Teneffüsleri davetiye dağıtarak geçirdim. Öncelikle Sehun'a ve çocuklara vermiştim. Pek çok kişinin bağlantısını bildiğim için davetiyeleri bitirmem çok zamanımı almamıştı. İlk teneffüste John ve Rory uğrayıp veda etmişlerdi. Sehun'un sırtını pat patlarken Woo Bin'e ölümcül bakışlar atmışlardı.

Sehun bu durumdan çok hoşnuttu. Ancak son derslere yaklaştıkça hepimiz gerilmeye başlamıştık. Ben ne konuşacağım konusunda endişeleniyordum, Sehun da belli ki Woo Bin'le yalnız kalacağım için huzursuzdu.

Okulun bittiğini belirten zil çaldığında herkesle birlikte biz de ayaklandık. Woo Bin anında yanımda bitti. Elini belime koydu. "Gidelim mi?"

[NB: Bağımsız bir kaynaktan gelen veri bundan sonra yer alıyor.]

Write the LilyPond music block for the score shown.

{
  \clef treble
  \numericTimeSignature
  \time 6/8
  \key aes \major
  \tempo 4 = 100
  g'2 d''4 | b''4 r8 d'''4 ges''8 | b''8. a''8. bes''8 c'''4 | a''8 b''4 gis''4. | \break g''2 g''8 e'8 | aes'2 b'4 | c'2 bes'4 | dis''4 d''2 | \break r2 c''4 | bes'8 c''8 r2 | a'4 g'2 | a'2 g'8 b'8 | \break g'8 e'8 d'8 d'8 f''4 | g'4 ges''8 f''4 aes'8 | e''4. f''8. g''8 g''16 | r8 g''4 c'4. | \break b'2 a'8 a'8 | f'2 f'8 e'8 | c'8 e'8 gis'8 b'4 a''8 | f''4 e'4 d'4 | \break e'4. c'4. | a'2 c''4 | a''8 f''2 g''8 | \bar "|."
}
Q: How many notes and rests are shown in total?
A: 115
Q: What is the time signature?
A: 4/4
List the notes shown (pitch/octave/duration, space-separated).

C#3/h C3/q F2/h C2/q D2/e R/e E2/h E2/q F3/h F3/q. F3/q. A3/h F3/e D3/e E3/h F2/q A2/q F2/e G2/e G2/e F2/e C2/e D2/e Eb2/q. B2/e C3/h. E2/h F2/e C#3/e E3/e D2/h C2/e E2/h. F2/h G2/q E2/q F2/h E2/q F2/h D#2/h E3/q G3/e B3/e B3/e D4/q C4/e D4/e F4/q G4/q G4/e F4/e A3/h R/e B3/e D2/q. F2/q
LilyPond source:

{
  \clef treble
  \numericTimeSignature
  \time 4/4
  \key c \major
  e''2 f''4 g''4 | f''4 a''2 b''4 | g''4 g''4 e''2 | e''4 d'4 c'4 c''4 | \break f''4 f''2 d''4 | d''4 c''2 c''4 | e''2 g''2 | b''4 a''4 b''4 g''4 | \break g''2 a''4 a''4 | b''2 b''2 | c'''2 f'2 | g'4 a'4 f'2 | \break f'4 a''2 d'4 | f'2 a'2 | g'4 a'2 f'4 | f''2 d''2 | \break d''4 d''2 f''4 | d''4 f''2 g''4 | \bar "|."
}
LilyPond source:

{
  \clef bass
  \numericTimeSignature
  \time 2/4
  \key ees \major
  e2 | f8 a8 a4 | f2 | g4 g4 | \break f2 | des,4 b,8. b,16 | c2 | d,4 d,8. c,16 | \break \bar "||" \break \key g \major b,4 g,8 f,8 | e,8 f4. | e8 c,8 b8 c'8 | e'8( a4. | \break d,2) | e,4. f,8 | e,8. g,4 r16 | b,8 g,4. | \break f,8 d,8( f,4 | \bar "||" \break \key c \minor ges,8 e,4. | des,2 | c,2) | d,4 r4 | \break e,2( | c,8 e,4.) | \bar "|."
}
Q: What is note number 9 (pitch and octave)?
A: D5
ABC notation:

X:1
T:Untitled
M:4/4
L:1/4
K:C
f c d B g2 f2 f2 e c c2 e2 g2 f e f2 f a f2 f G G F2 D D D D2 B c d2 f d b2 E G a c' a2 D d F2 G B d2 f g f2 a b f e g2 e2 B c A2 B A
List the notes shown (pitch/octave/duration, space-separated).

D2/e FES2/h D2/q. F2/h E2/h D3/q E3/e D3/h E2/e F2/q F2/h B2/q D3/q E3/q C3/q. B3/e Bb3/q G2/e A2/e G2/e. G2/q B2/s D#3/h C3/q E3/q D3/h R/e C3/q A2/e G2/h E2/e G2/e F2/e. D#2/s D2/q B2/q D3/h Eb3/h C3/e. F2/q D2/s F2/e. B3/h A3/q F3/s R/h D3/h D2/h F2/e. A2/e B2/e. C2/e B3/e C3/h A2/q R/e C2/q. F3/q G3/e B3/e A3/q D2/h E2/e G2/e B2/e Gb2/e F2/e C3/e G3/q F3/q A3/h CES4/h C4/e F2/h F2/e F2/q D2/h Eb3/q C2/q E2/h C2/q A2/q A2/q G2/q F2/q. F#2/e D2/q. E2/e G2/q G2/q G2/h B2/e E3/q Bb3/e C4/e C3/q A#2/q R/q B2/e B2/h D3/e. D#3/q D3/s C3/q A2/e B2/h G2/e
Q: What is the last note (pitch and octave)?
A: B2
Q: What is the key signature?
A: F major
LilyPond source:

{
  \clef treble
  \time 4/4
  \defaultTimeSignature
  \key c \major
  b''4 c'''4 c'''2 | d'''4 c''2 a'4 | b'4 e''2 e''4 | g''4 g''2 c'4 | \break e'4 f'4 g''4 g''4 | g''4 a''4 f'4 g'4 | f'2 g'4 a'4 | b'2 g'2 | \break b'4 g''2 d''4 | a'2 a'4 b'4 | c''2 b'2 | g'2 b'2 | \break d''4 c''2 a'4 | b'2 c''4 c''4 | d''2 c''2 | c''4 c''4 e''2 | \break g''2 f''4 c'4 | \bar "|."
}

Ben ne olduğunu anlamadan Sehun hırlayarak öne atıldı. Woo Bin'in belime attığı elini tutup büktü ve onu geriye iterek duvara çarpmasına neden oldu.

"Ona bir daha dokunursan o eli kırarım." Diye tısladı dişlerinin arasından. Woo Bin tüm süreç boyunca sakinliğini korumuştu. Her zamanki ukala haliyle her şeyi dalgaya vurmuştu. Ama yüzüne tehlikeli bir ifade yerleşmişti.

Araya girmezsem kan çıkacağını bildiğim için Sehun'un önüne geçtim. "Kesin şunu." Dedim. Akıl sağlığımı korumakta zorlanıyordum.

"Luhan'ın arkasına mı saklanacaksın?" dedi Woo Bin. Her zamanki küçümseyen gülümsemesinden eser yoktu yüzünde. "Bir de kendine onun 'erkeği' mi diyorsun?"

Sehun beni omuzlarımdan tutarak kenara iteledi. "Ne dedin?" diye sordu. Yüzündeki ifade irkilmeme neden oldu. Gözlerine o deli ışık yerleşmişti.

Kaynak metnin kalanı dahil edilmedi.